En la conocida obra de Homero, La Odisea, se narra el mítico viaje de Ulises que busca regresar a su hogar. Un itinerario de retorno que es todo menos un sereno regreso. Ulises vuelve a la vida hogareña de Ítaca, donde las guerras del Asia Menor sólo serán recuerdos en compañía de la bella y fiel Penélope.
Este relato sirve, en parte, para iluminar la situación vital de muchos jóvenes occidentales. Si en algunos aspectos hay cierta semejanza entre Ulises y el joven contemporáneo, son más, sin embargo, las diferencias. Ulises ha luchado en distintos mares, ha experimentado contrariedades y dificultades de todo tipo, ha madurado a lo largo del viaje y, finalmente, regresa a su casa, para empezar una nueva vida. El héroe griego es, pues, el paradigma del hombre luchador, capaz de enfrentarse a grandes hazañas. Sueña con una utopía y se esfuerza, con empeño, para hacerla realidad.
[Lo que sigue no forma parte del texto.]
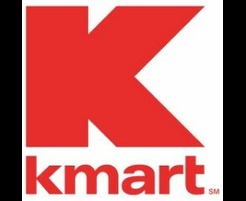 Kmart Prescription Savings Club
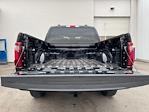 2026 Ford F-150 SuperCrew Cab 4WD Pickup for sale #HF3918 - photo 19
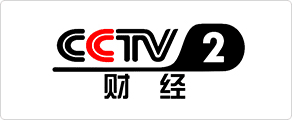 CCTV2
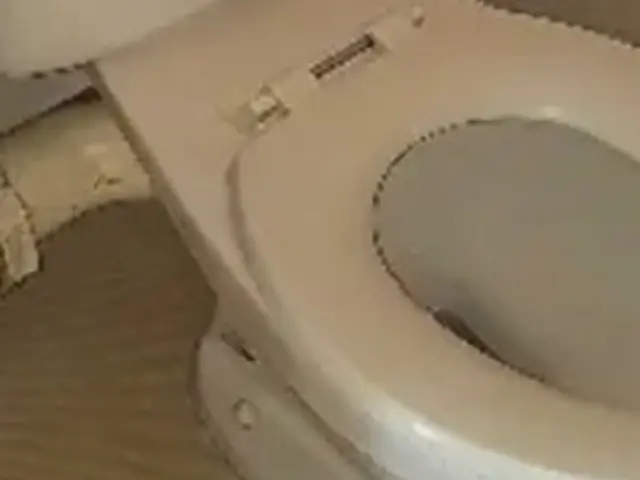 【年中無休で対応◎】営業　時間外  ご相談ください！　　P代無料　安心の当店へ♪サービスの画像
El deseo es la fuerza motriz del viaje de Ulises. Anhela una utopía y lucha por ella. Ahí radica la gran diferencia entre la figura griega y el joven estándar de nuestras sociedades occidentales. No emprende el viaje, porque no siente el deseo de una utopía. De hecho, pretende crecer y alcanzar la madurez sin tener que viajar.
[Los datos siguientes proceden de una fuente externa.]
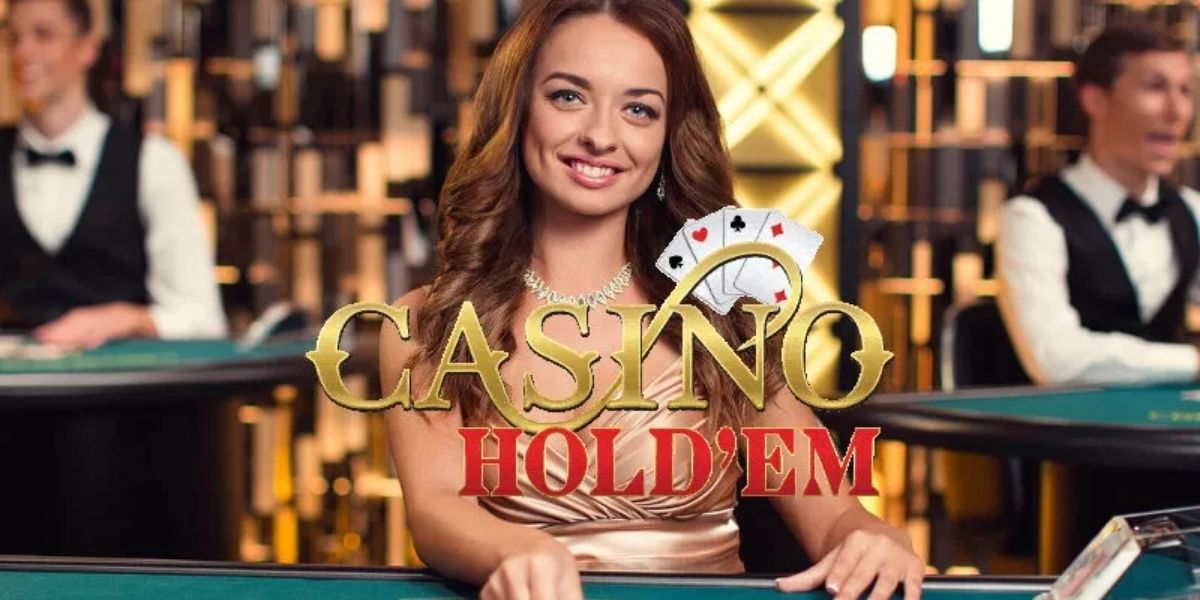 Casino Hold’em - Cover - Phbet1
Arropado en la casa paterna, vive experiencias puntuales, algunas salidas en busca de aventuras, pero nada tiene que ver todo eso con el auténtico viaje, que tiene, fundamentalmente, un valor catártico y curativo. El joven occidental vive, por lo general, instalado. Lo tiene difícil para emanciparse, -es cierto-, pero se escuda en ello, para no tener que enfrentarse a las contrariedades propias del vivir humano.
Amante de experiencias y de situaciones nuevas, no acaba de cortar el cordón umbilical que le une a la infancia y, de este modo, perpetúa su minoría de edad.
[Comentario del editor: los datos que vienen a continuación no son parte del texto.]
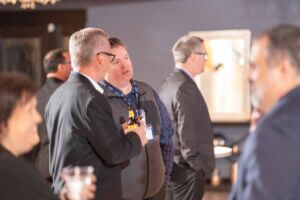 ACECMN_240222_033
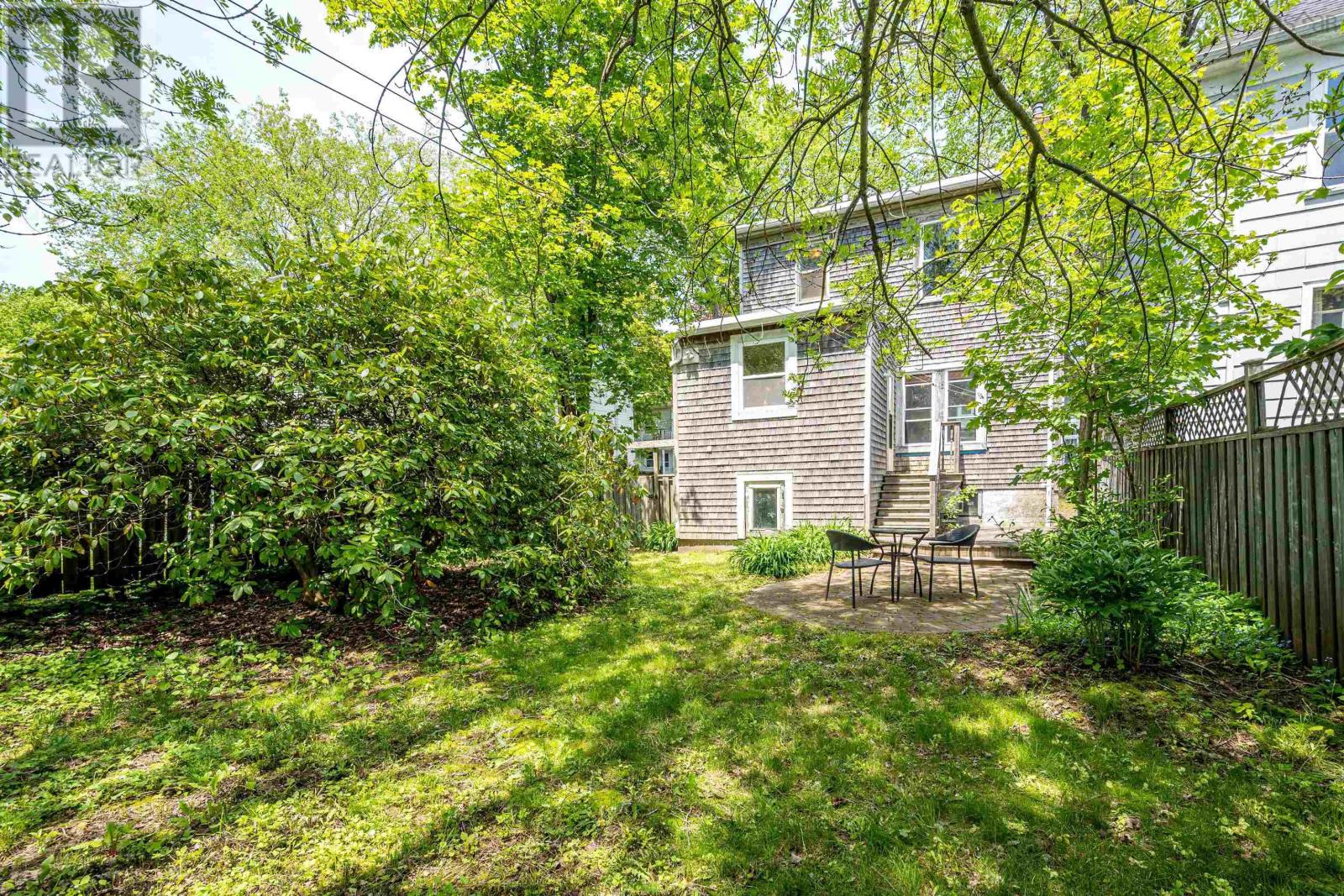6186 Lawrence Street, Halifax Peninsula, Nova Scotia  B3L 1J6 - Photo 38 - 202613651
Las turbulentas generaciones de los años sesenta y setenta, décadas de la adhesión juvenil a las revoluciones, a las resistencias, parecen haber desembocado ahora en un desencanto de la vida pública. Salvo pequeños grupos sociales que apuestan por una cultura alternativa al consumismo y al materialismo imperante, no se detecta, en ningún lugar, un auténtico movimiento juvenil de resistencia y de contracultura. Se sienten impotentes frente al mundo que han heredado y aunque se quejan y lamentan a puerta cerrada, ello no motiva una auténtica toma postura.
Da la impresión que la inmensa mayoría de los jóvenes occidentales están tan instalados en el sistema, tan inmersos en él, que no vislumbran, ni siquiera, la posibilidad de una sociedad alternativa, diferente, más justa, más humana, más solidaria. Aunque la deseen en el fondo de su ser, este deseo se cuece en el ámbito de lo privado y no se traduce en movimiento social, en acción transformadora, en implicación política.
Falta liderazgo, empeño, voluntad y fuerza. Y, sin embargo, la tienen para conquistar sus objetivos individuales, para alcanzar sus horizontes profesionales, pero desconocen el valor de la lucha colectiva, de la implicación comunitaria. Ya no creen en las posibilidades de cambiar el orden de los hechos. Y esto es, probablemente, lo más grave: la desconfianza, la poca fe en sus capacidades de transformar, la convicción fatal de que todo será como debe ser y que la voluntad humana no puede alterar el destino de los acontecimientos. Frente a esta idea del destino, sólo queda la búsqueda del gozo en el presente, la incesante conquista de un ahora fecundo. (…) ¿Qué es lo que fascina al joven de hoy? La fascinación del saber gozar. Ciencia y placer juntos.
forumlibertas.org, 07/02/2007
Para hacer
- ¿Estamos de acuerdo con la última línea? ¿En qué se traduce?
- El autor decía también: “Existen tres tipos de organización juvenil que crecen con velocidad: los grupos no gubernamentales, de tipo ecológico o humanitario, las asociaciones de tipo cultural y los grupos de carácter deportivo. Se trata de formas alternativas de organización social juvenil, con líderes carismáticos, con leyes, lenguajes, modas, circunscripciones, tasa y mecanismos de autoprotección propios. Muchas de estas agrupaciones son la respuesta ante la inseguridad, la exclusión educativa o laboral o la ausencia de un sentido de legítima pertenencia cultural. En todos estos grupos persiste un denominador común: el sentido de ser personalmente reconocido y afectivamente aceptado.” Buen resumen. ¿Por dónde andamos nosotros?